A TENSÃO PERMANENTE ENTRE ÉTICA E POLÍTICA
Sergio Victor Tamer
Presidente do CECGP
1. Quais as relações que concretamente existem entre a ética e a política? Existe uma ética pública separada da ética privada? O que se vê é que o Brasil saltou de um patrimonialismo oligárquico – até recentemente praticado – para ingressar nos tempos nebulosos do aparelhamento das instituições públicas, este promovido sob a bandeira dos mais altos propósitos de Estado.
2. Filósofos festejados em São Paulo no meio universitário, passaram a admitir a adaptação dos princípios e convicções morais às circunstâncias políticas concretas, sobretudo em casos difíceis que pudessem ocorrer.
3. Ao analisar o problema da ética e da política, o professor espanhol Eusebio Fernandez Garcia, da Universidade Carlos III, de Madrid (com base nos estudos de José Luis López-Aranguren-Ética y política, 1968), propõe uma “ética das convicções responsáveis”: a “habilidade e a oportunidade política devem se dobrar à ética e ao direito”.
4. Existem quatro formas de questionar essa conflituosa relação:
(1) “realismo político”: a moral é um mero idealismo, no sentido pejorativo da palavra. O âmbito do ético é o privado. O moral e o político são incompatíveis e, portanto, “quem desejar atuar na política terá que prescindir da moral”.
(2) Mantém a impossibilidade de conjugar o ético e o político, mas a diferença em relação ao “realismo político” é que neste caso se escolhe a ética.

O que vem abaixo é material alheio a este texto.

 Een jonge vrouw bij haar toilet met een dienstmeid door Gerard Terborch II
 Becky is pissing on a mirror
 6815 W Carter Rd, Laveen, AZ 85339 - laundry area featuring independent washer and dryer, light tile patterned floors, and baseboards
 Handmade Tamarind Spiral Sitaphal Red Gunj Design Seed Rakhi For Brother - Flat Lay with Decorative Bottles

(3) A terceira posição vive essa conflituosa relação de uma maneira “trágica”: quem se encontra nela sente ao mesmo tempo a exigência moral e a exigência política, mas não pode satisfazer a ambas. Não pode preferir e tampouco prescindir. É uma impossibilidade insuperável e, portanto, trágica: o homem tem de ser moral, e tem também que ser político e não pode sê-lo conjuntamente. Por esse entendimento a tragedia existe porque não há saída para ele;
(4) Na quarta concepção a relação entre ética e política é vivida “dramaticamente”. Se diferencia das três anteriores pois não parte do pressuposto da “impossibilidade absoluta”, mas de uma “problematicidade constitutiva da relação entre a ética e a política”. Sua característica mais peculiar é a tensão entre a luta pela moral e o compromisso político.
5. Dessa maneira, das quatro possibilidades de se questionar as conexões entre a ética e a política, a quarta postura é a que parece ter mais possibilidades de nos ser útil no momento de se tentar compreender os fenômenos éticos e políticos e suas relações.

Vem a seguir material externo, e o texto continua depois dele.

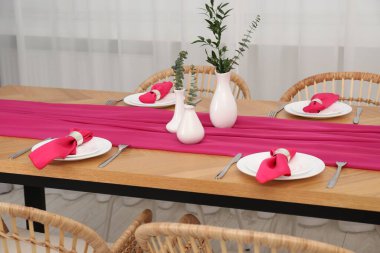 Yemek odasında yeşil dalları olan güzel masa düzenleri ve vazolar.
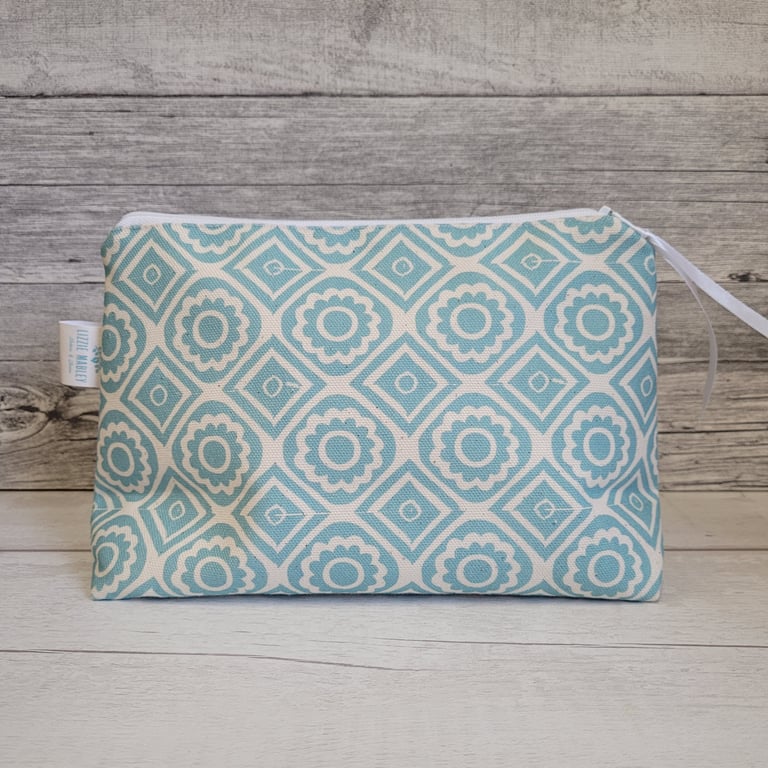 Zipped cosmetic bag in blue 'Rebecca' fabric 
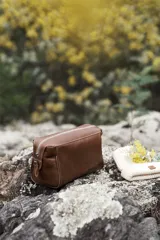 Neceser de cuero color marrón con cierre superior de cremallera metálica y asa lateral.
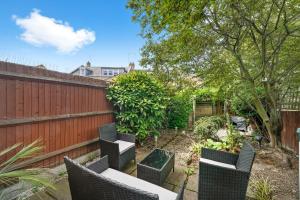 a garden with chairs and a fence at Stunning Central London 2 Bed Parking & Garden in London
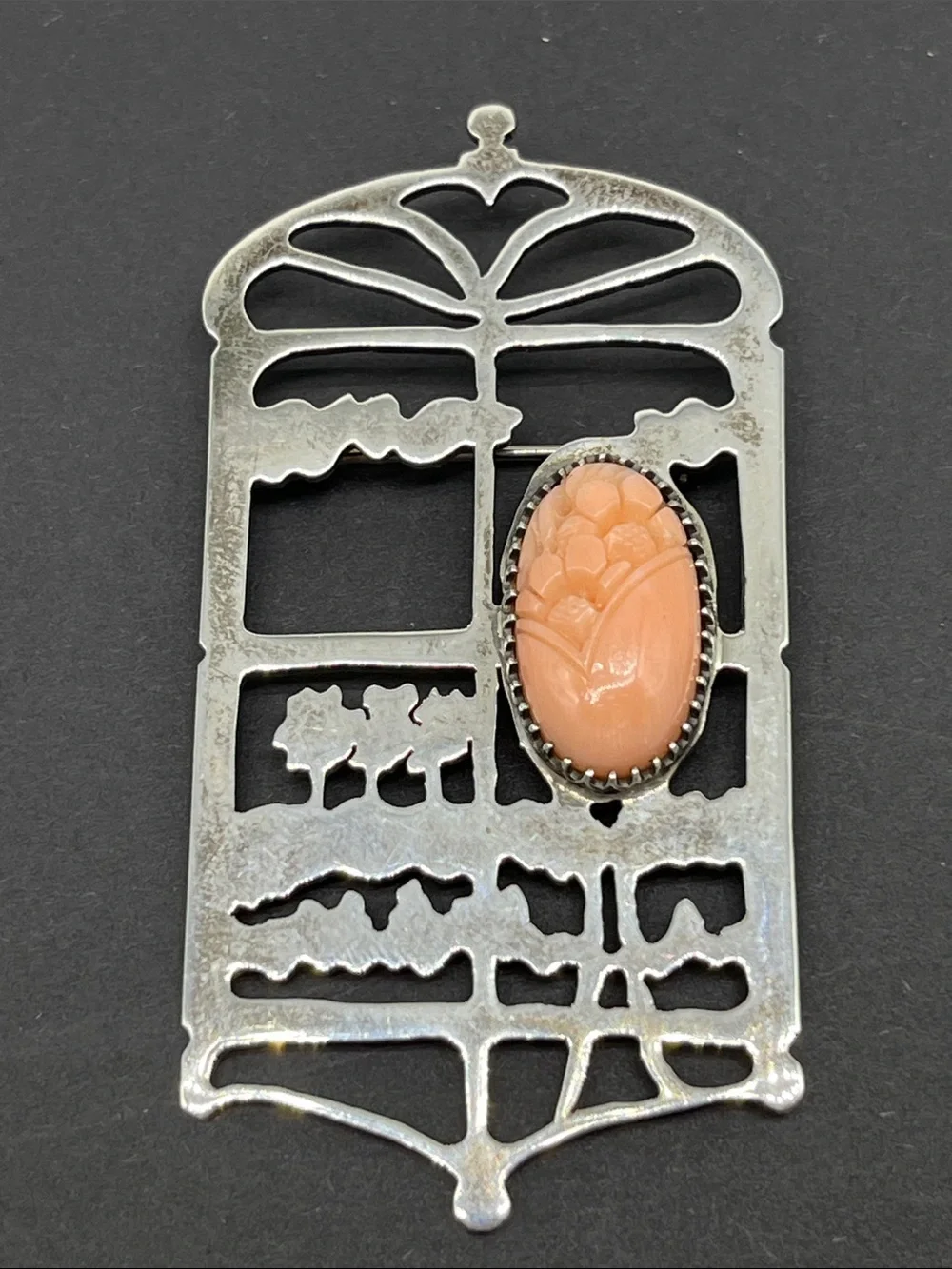 Vintage art nouveau sterling silver brooch with floral carving
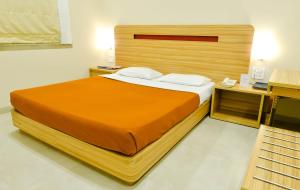 a bedroom with a large bed with a wooden headboard at Rama Krishna Hotel in Mumbai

6. A harmonia total entre a ética e a política, de uma relação não-problemática, somente pode ocorrer a partir de duas situações:
(1) postulados fundamentalistas (partidários de subordinar a política a uma ética fechada e absoluta) ou,
(2) totalitários (partidários de subordinar as éticas a uma só política que se considera a única, verdadeira e justa).
7. Assim colocadas as coisas, a atividade política democrática deve reger-se e se subordinar ao Direito e às leis a fim de que se evite a arbitrariedade do poder político.
8. Mas não a qualquer Direito, mas a um Direito que tenha valores da tradição liberal, democrática e de direitos humanos, tradição que possibilitou o nascimento do moderno conceito de Estado de Direito (sem esses valores o Estado de Direito seria um mero sistema político autoritário e ditatorial).
9. E sendo a relação entre ética e política tensa e dramática, uma e outra estão condenadas a compartir “o mais interessante de suas vidas” já que desde a Idade Moderna ocidental nos demos conta de que a moral tem muitas deficiências políticas e a política, por sua vez, também as tem de natureza moral.
10. Apesar disso, a política deve desenvolver-se dentro da moldura da ética, ainda que não coincidam e nem devem coincidir em uma sociedade pluralista.
11. O importante é que haja a moralização da política através do Direito e das leis de um Estado de Direito.
12. Assim, não seria correto eticamente sustentar que existem dois tipos de ética (uma para a política e outra para a vida particular), pois as mínimas normas morais que uma sociedade considera adequadas e válidas o são de maneira igual para todos, sejam cidadãos comuns ou integrantes da alta cúpula governativa.
13. Dessa forma, o “realismo político”, ou a realpolitik que os alemães chamaram em um dado momento histórico de “a política dos interesses práticos” – e que no Brasil muitos juristas e filósofos do direito tentaram justificar e adotar – de forma enviesada -, felizmente está sendo aos poucos colocado para fora do jogo democrático.